Como consecuencia de esta consideración, en el amor maternal de María sentiremos y comprenderemos mejor, de forma viva y muy "humana", el amor paternal de Dios, del que ella participa de forma singular; y particularmente en sus manifestaciones "maternales". Como dice el mismo San Luis María Grignion de Montfort: "Esta Madre del Amor Hermoso quitará de tu corazón todo escrúpulo y temor servil desordenado y lo abrirá y ensanchará para correr por los mandamientos de su Hijo con la santa libertad de los hijos de Dios, y encender en el alma el amor puro, cuya tesorera Ella es. De modo que en tu comportamiento con el Dios-Caridad ya no te gobernarás -como hasta ahora- por temor, sino por amor puro.
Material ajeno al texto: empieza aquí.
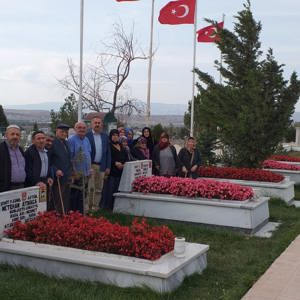 Suluova HYBRM de Kalan Yaşlılarımız Şehitliği Ziyaret Ederek Şehitlerimize ve Barış Pınarı Harekâtına Katılan Askerlerimize Dua Ettiler. - fotoğraf 2
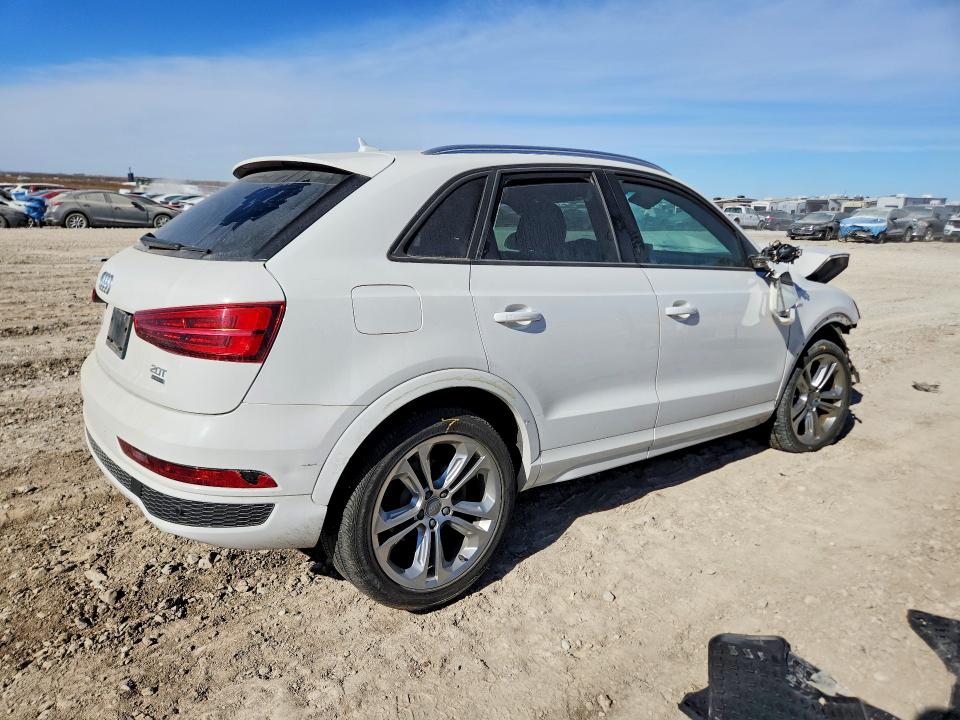 77206635 :رقم المزاد ، WA1ECCFS2JR029059 vin ، 2018 Audi Q3 مزاد بيع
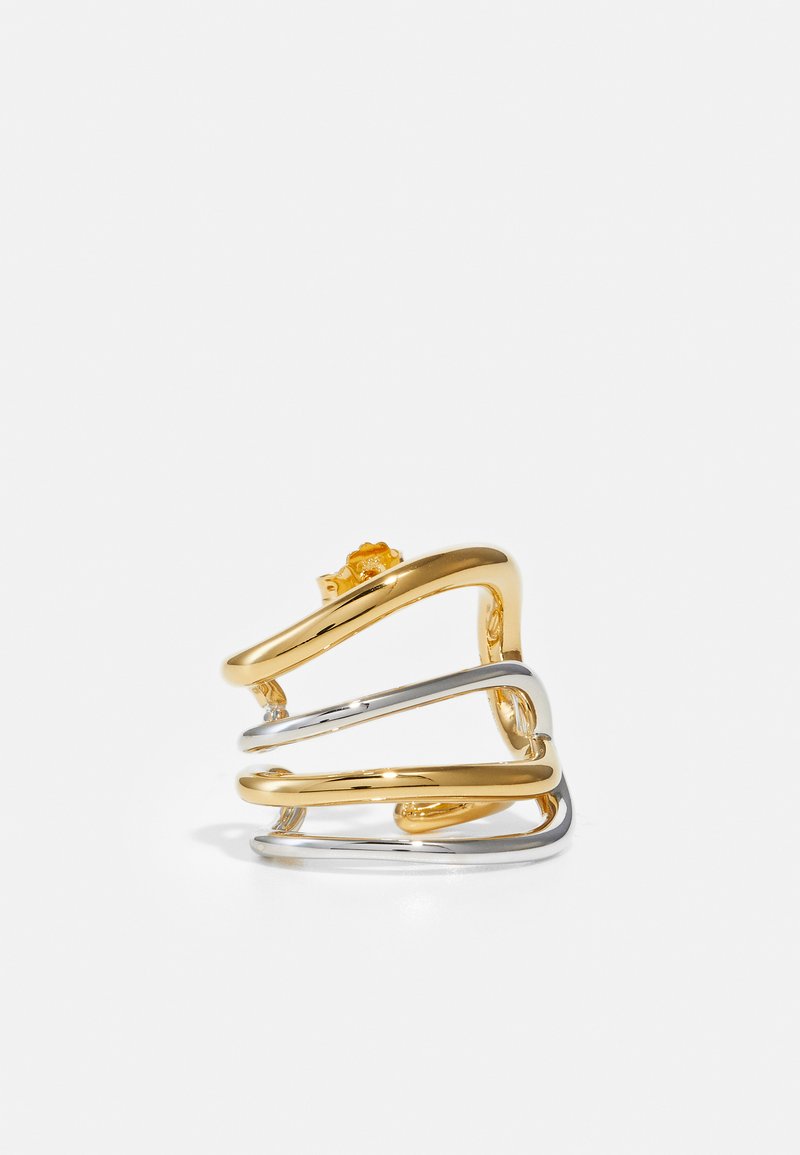 Bague en métal présentant des brins entrelacés aux tons or et argent, avec un détail accentuatif texturé jaune sur le dessus.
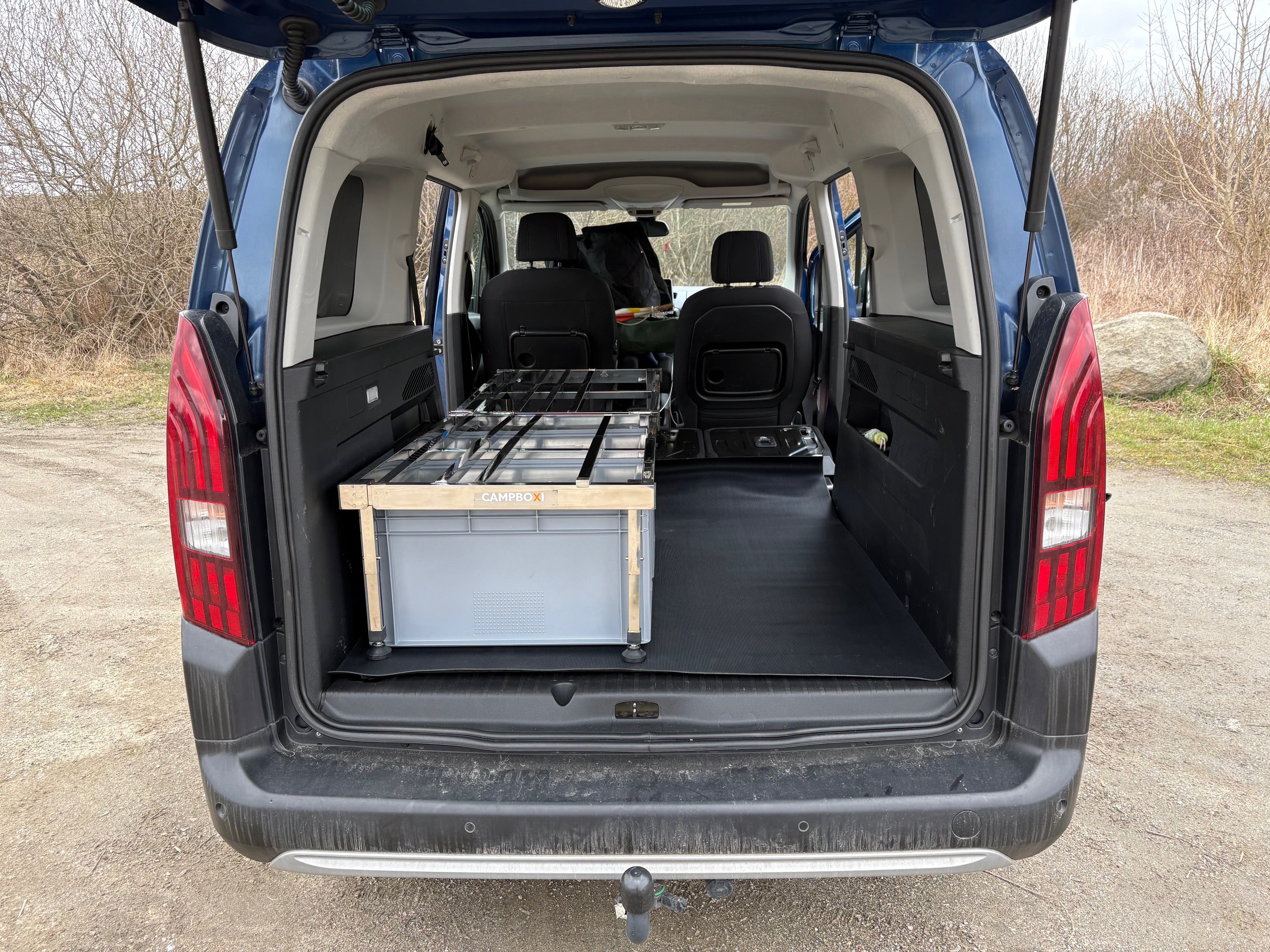 CampBoxi Unifit – Flexibles und verstellbares Bettgestell für Ihr Alltagsauto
Lo mirarás como a tu Padre bondadoso, te afanarás por agradarle incesantemente y dialogarás con Él confidencialmente como un hijo con su cariñoso Padre. Si, por desgracia, llegaras a ofenderlo, te humillarás ahí mismo delante de Él, le pedirás perdón humildemente, tenderás hacia Él la mano con sencillez, te levantarás de nuevo amorosamente, sin turbación ni inquietud, y seguirás caminando hacia Él, sin descorazonarte".